◆ **Problem to solve**: Could you restate the entries word for word, without the images?

================================

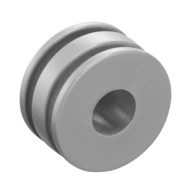 NatureUp! Grüne Wand Verbinder Gardena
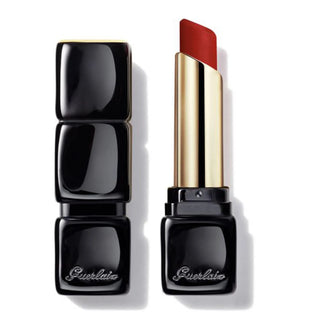 GUERLAIN Kiss Kiss Lipstick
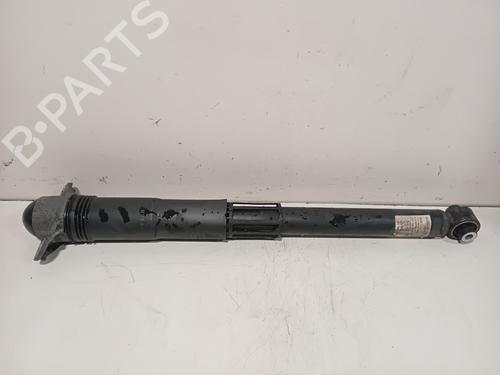 Used Right rear shock absorber Right rear shock absorber 36780113 36780113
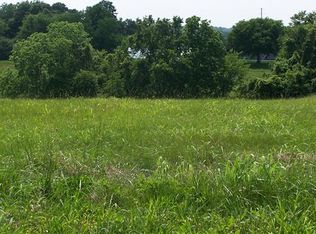 1 Autumn Dr LOT 1, Springfield, TN 37172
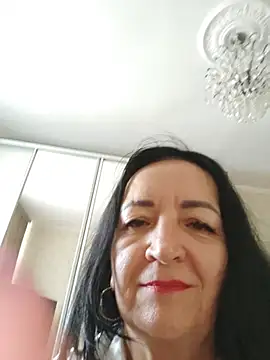 Violetta9164 live sex cam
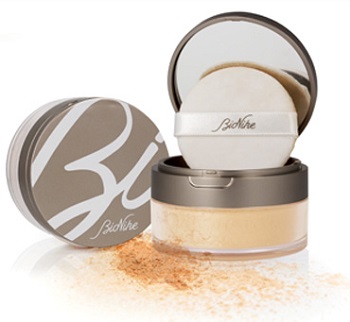DEFENCE COLOR CIPRIA LOOSE 15 G - Doctor Vinz
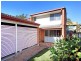 19/132 Smith Road, Woodridge QLD 4114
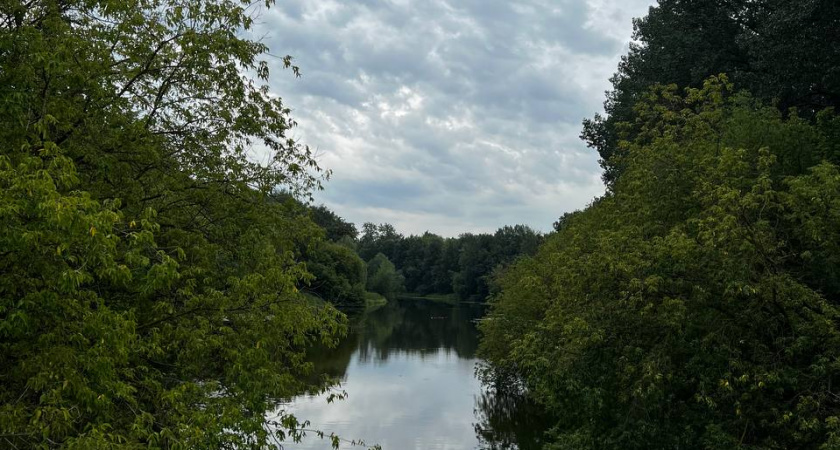 Запасайтесь продуктами и запирайтесь дома: в Гидрометцентре рассказали о погодном апокалипсисе с 6 июня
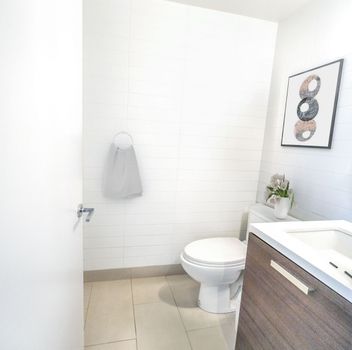 Condo 224 King St W Toronto For {
  "id": "C12018735-VOW",
  "Restricted": 0,
  "Active": 1,
  "Sold": 0,
  "Acreage": null,
  "Address": "224 King St W",
  "AirConditioning": "Central Air",
  "ApproxAge": "6-10",
  "ApproxSquareFootage": "0-499",
  "Area": "Toronto",
  "AreaCode": "01",
  "Basement": "None",
  "Bedrooms": 0,
  "BedroomsPlus": 0,
  "Blob": "apostrophemlsphoto",
  "BuildingAmenities": "",
  "BuildingAreaTotal": "0-499",
  "BuildingAreaUnits": "Sq Ft",
  "BuildingInsuranceIncluded": null,
  "Board": "Toronto Real Estate Board",
  "ClassSearch": "Condo",
  "CentralVac": "N",
  "ClosedDate": "0001-01-01T00:00:00Z",
  "CoListAgentEmail": null,
  "CoListAgentID": null,
  "CoListAgentName": null,
  "CoListAgentDesignation": null,
  "CoListAgentPhone": null,
  "CoListOfficeID": null,
  "CoListOfficeName": null,
  "CommercialCondoFees": 0,
  "Community": "Waterfront Communities C1",
  "CommunityCode": "01.C01.1001",
  "Condition": "",
  "ConditionalExpirydate": "0001-01-01T00:00:00Z",
  "ContractDate": "2025-03-14 00:00:00.0",
  "DaysOnMarket": 0,
  "DirectionsCrossStreets": "Simcoe and King",
  "DisplayAddressOninternet": "Y",
  "DistributeToInternetPortals": "Y",
  "Elevator": "Y",
  "Extras": "",
  "ExpiryDate": "2025-05-26T00:00:00Z",
  "FireplaceStove": "N",
  "Furnished": "",
  "GarageSpaces": 0,
  "GarageType": "Underground",
  "HeatType": "Heat Pump",
  "HeatSource": "Other",
  "IDX": "Y",
  "Kitchens": 1,
  "KitchensPlus": 0,
  "Latitude": 43.64738,
  "LastStatus": "New",
  "Lease": null,
  "LeaseFrequency": null,
  "LeaseTerm": null,
  "Level": null,
  "ListAgentEmail": null,
  "ListAgentID": null,
  "ListAgentName": null,
  "ListAgentDesignation": null,
  "ListAgentPhone": null,
  "ListBrokerage": "KELLER WILLIAMS ADVANTAGE REALTY",
  "ListOfficeID": null,
  "ListOfficePhone": null,
  "ListAOR": null,
  "ListingEntryDate": "2025-03-14T07:41:32Z",
  "ListPrice": 480000,
  "Longitude": -79.387274,
  "LotDepth": 0,
  "LotFront": 0,
  "LotSizeCode": null,
  "MLS": "C12018735",
  "MLSNumber": "C12018735",
  "MLSStatus": "A",
  "MLSLastStatus": "New",
  "MoveInDate": "",
  "Municipality": "Toronto",
  "MunicipalityCode": "01.C01",
  "MunicipalityDistrict": "Toronto C01",
  "OpenHouseDate1": "0001-01-01T00:00:00Z",
  "OpenHouseDate2": "0001-01-01T00:00:00Z",
  "OpenHouseDate3": "0001-01-01T00:00:00Z",
  "OpenHouseFrom1": "",
  "OpenHouseFrom2": "",
  "OpenHouseFrom3": "",
  "OpenHouseTo1": "",
  "OpenHouseTo2": "",
  "OpenHouseTo3": "",
  "OriginalPrice": 480000,
  "ParkingSpaces": 0,
  "PetsPermitted": "Restrict",
  "PhotoCount": 14,
  "Pool": null,
  "PostalCode": "M5H 0A6",
  "PropertyType": "Condo",
  "PropertyTypeSearch": "Residential",
  "PropertySubType": "Condo Apt",
  "PropertySubTypeSearch": "Condo",
  "PropertyStyleSearch": "Apartment",
  "Province": "Ontario",
  "RemarksForClients": "Location, location, location! Don't miss out on the stunning views from the renowned and highly sought after Theatre Park condo, next door to the Royal Alexandra, across the street from Roy Thomson Hall, and just steps from the PATH and subway! This condo or pied--terre has everything you need in the heart of downtown, including sunny south views of David Pecaut Square and Metro Hall, the lake, and vibrant King Street West. Floor to ceiling, wall-to-wall windows and 9' ceilings with exposed concrete make this a bright, inviting space for you to call home. The large balcony includes a gas BBQ and gas outlet for year-round enjoyment. Take a dip in the outdoor pool and terrace, or head to the gym before hitting the theatres, concert halls, shops, restaurants and bars. Perfect for anyone who wants to be in the heart of it all.",
  "Retirement": "0",
  "SaleLease": "Sale",
  "SoldDate": "0001-01-01T00:00:00Z",
  "SoldPrice": "",
  "Sewers": null,
  "Source": "VOW",
  "SPLP": 0,
  "SqFtTotal": null,
  "SqFtRangeMin": 0,
  "SqFtRangeMax": 499,
  "Status": "A",
  "StreetNumber": "224",
  "StreetAbbreviation": "St",
  "StreetDirection": "W",
  "StreetName": "King",
  "Style": "Apartment",
  "SuspendedDate": "0001-01-01T00:00:00Z",
  "Taxes": 1838.3,
  "TaxYear": "2024",
  "TerminatedDate": "0001-01-01T00:00:00Z",
  "TimestampSql": "2025-03-14T07:41:32Z",
  "TotalArea": "0-499",
  "TotalParkingSpaces": 0,
  "Type": "Condo Apt",
  "TypeSearch": "Apartment Unit",
  "UnitNumber": "1806",
  "VirtualTourURL": "",
  "Washrooms": 1,
  "Water": null,
  "Waterfront": null,
  "WaterIncluded": "Y",
  "YearBuilt": null,
  "Zoning": "",
  "Geometry": "43.64738,-79.387274",
  "RTimestampSql": "2025-03-14T12:55:02Z"
}.(string)property[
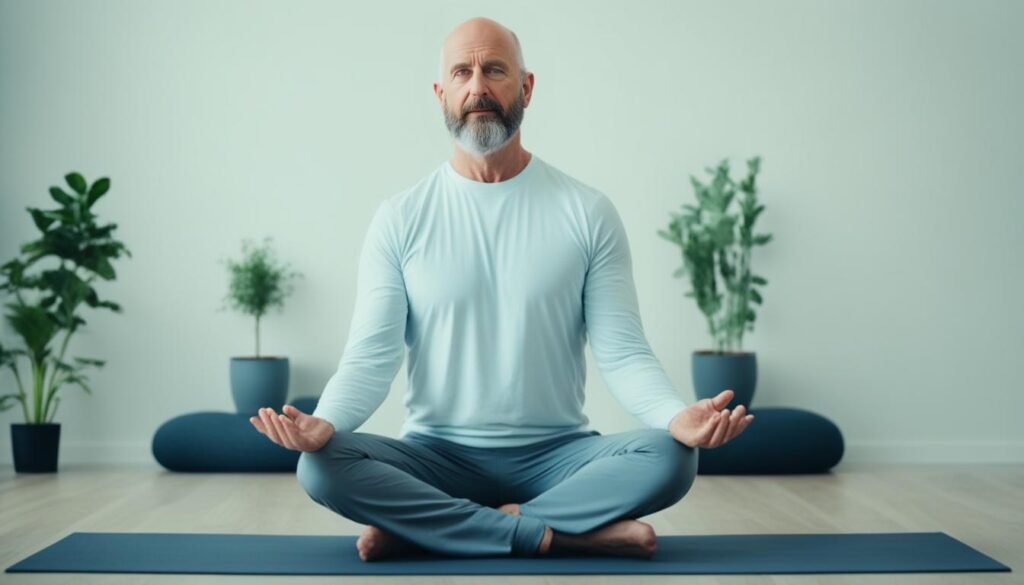 posturas para meditar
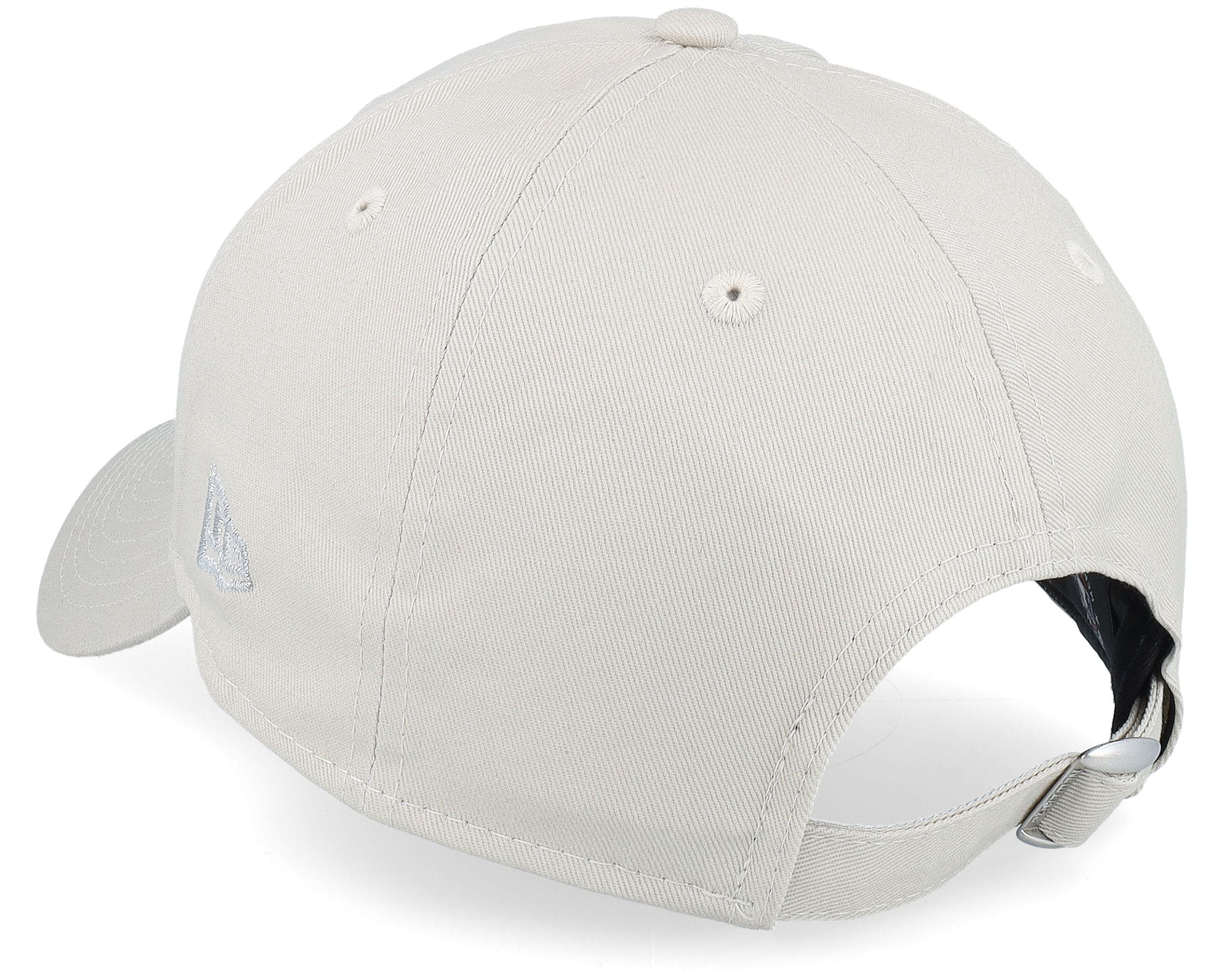 New York Yankees Metallic Pin 9FORTY Stone Adjustable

================================

◆ **Written answer**:
 NatureUp! Grüne Wand Verbinder Gardena
 GUERLAIN Kiss Kiss Lipstick
 Used Right rear shock absorber Right rear shock absorber 36780113 36780113
 1 Autumn Dr LOT 1, Springfield, TN 37172
 Violetta9164 live sex cam
DEFENCE COLOR CIPRIA LOOSE 15 G - Doctor Vinz
 19/132 Smith Road, Woodridge QLD 4114
 Запасайтесь продуктами и запирайтесь дома: в Гидрометцентре рассказали о погодном апокалипсисе с 6 июня
 Condo 224 King St W Toronto For {
  "id": "C12018735-VOW",
  "Restricted": 0,
  "Active": 1,
  "Sold": 0,
  "Acreage": null,
  "Address": "224 King St W",
  "AirConditioning": "Central Air",
  "ApproxAge": "6-10",
  "ApproxSquareFootage": "0-499",
  "Area": "Toronto",
  "AreaCode": "01",
  "Basement": "None",
  "Bedrooms": 0,
  "BedroomsPlus": 0,
  "Blob": "apostrophemlsphoto",
  "BuildingAmenities": "",
  "BuildingAreaTotal": "0-499",
  "BuildingAreaUnits": "Sq Ft",
  "BuildingInsuranceIncluded": null,
  "Board": "Toronto Real Estate Board",
  "ClassSearch": "Condo",
  "CentralVac": "N",
  "ClosedDate": "0001-01-01T00:00:00Z",
  "CoListAgentEmail": null,
  "CoListAgentID": null,
  "CoListAgentName": null,
  "CoListAgentDesignation": null,
  "CoListAgentPhone": null,
  "CoListOfficeID": null,
  "CoListOfficeName": null,
  "CommercialCondoFees": 0,
  "Community": "Waterfront Communities C1",
  "CommunityCode": "01.C01.1001",
  "Condition": "",
  "ConditionalExpirydate": "0001-01-01T00:00:00Z",
  "ContractDate": "2025-03-14 00:00:00.0",
  "DaysOnMarket": 0,
  "DirectionsCrossStreets": "Simcoe and King",
  "DisplayAddressOninternet": "Y",
  "DistributeToInternetPortals": "Y",
  "Elevator": "Y",
  "Extras": "",
  "ExpiryDate": "2025-05-26T00:00:00Z",
  "FireplaceStove": "N",
  "Furnished": "",
  "GarageSpaces": 0,
  "GarageType": "Underground",
  "HeatType": "Heat Pump",
  "HeatSource": "Other",
  "IDX": "Y",
  "Kitchens": 1,
  "KitchensPlus": 0,
  "Latitude": 43.64738,
  "LastStatus": "New",
  "Lease": null,
  "LeaseFrequency": null,
  "LeaseTerm": null,
  "Level": null,
  "ListAgentEmail": null,
  "ListAgentID": null,
  "ListAgentName": null,
  "ListAgentDesignation": null,
  "ListAgentPhone": null,
  "ListBrokerage": "KELLER WILLIAMS ADVANTAGE REALTY",
  "ListOfficeID": null,
  "ListOfficePhone": null,
  "ListAOR": null,
  "ListingEntryDate": "2025-03-14T07:41:32Z",
  "ListPrice": 480000,
  "Longitude": -79.387274,
  "LotDepth": 0,
  "LotFront": 0,
  "LotSizeCode": null,
  "MLS": "C12018735",
  "MLSNumber": "C12018735",
  "MLSStatus": "A",
  "MLSLastStatus": "New",
  "MoveInDate": "",
  "Municipality": "Toronto",
  "MunicipalityCode": "01.C01",
  "MunicipalityDistrict": "Toronto C01",
  "OpenHouseDate1": "0001-01-01T00:00:00Z",
  "OpenHouseDate2": "0001-01-01T00:00:00Z",
  "OpenHouseDate3": "0001-01-01T00:00:00Z",
  "OpenHouseFrom1": "",
  "OpenHouseFrom2": "",
  "OpenHouseFrom3": "",
  "OpenHouseTo1": "",
  "OpenHouseTo2": "",
  "OpenHouseTo3": "",
  "OriginalPrice": 480000,
  "ParkingSpaces": 0,
  "PetsPermitted": "Restrict",
  "PhotoCount": 14,
  "Pool": null,
  "PostalCode": "M5H 0A6",
  "PropertyType": "Condo",
  "PropertyTypeSearch": "Residential",
  "PropertySubType": "Condo Apt",
  "PropertySubTypeSearch": "Condo",
  "PropertyStyleSearch": "Apartment",
  "Province": "Ontario",
  "RemarksForClients": "Location, location, location! Don't miss out on the stunning views from the renowned and highly sought after Theatre Park condo, next door to the Royal Alexandra, across the street from Roy Thomson Hall, and just steps from the PATH and subway! This condo or pied--terre has everything you need in the heart of downtown, including sunny south views of David Pecaut Square and Metro Hall, the lake, and vibrant King Street West. Floor to ceiling, wall-to-wall windows and 9' ceilings with exposed concrete make this a bright, inviting space for you to call home. The large balcony includes a gas BBQ and gas outlet for year-round enjoyment. Take a dip in the outdoor pool and terrace, or head to the gym before hitting the theatres, concert halls, shops, restaurants and bars. Perfect for anyone who wants to be in the heart of it all.",
  "Retirement": "0",
  "SaleLease": "Sale",
  "SoldDate": "0001-01-01T00:00:00Z",
  "SoldPrice": "",
  "Sewers": null,
  "Source": "VOW",
  "SPLP": 0,
  "SqFtTotal": null,
  "SqFtRangeMin": 0,
  "SqFtRangeMax": 499,
  "Status": "A",
  "StreetNumber": "224",
  "StreetAbbreviation": "St",
  "StreetDirection": "W",
  "StreetName": "King",
  "Style": "Apartment",
  "SuspendedDate": "0001-01-01T00:00:00Z",
  "Taxes": 1838.3,
  "TaxYear": "2024",
  "TerminatedDate": "0001-01-01T00:00:00Z",
  "TimestampSql": "2025-03-14T07:41:32Z",
  "TotalArea": "0-499",
  "TotalParkingSpaces": 0,
  "Type": "Condo Apt",
  "TypeSearch": "Apartment Unit",
  "UnitNumber": "1806",
  "VirtualTourURL": "",
  "Washrooms": 1,
  "Water": null,
  "Waterfront": null,
  "WaterIncluded": "Y",
  "YearBuilt": null,
  "Zoning": "",
  "Geometry": "43.64738,-79.387274",
  "RTimestampSql": "2025-03-14T12:55:02Z"
}.(string)property[
 posturas para meditar
 New York Yankees Metallic Pin 9FORTY Stone Adjustable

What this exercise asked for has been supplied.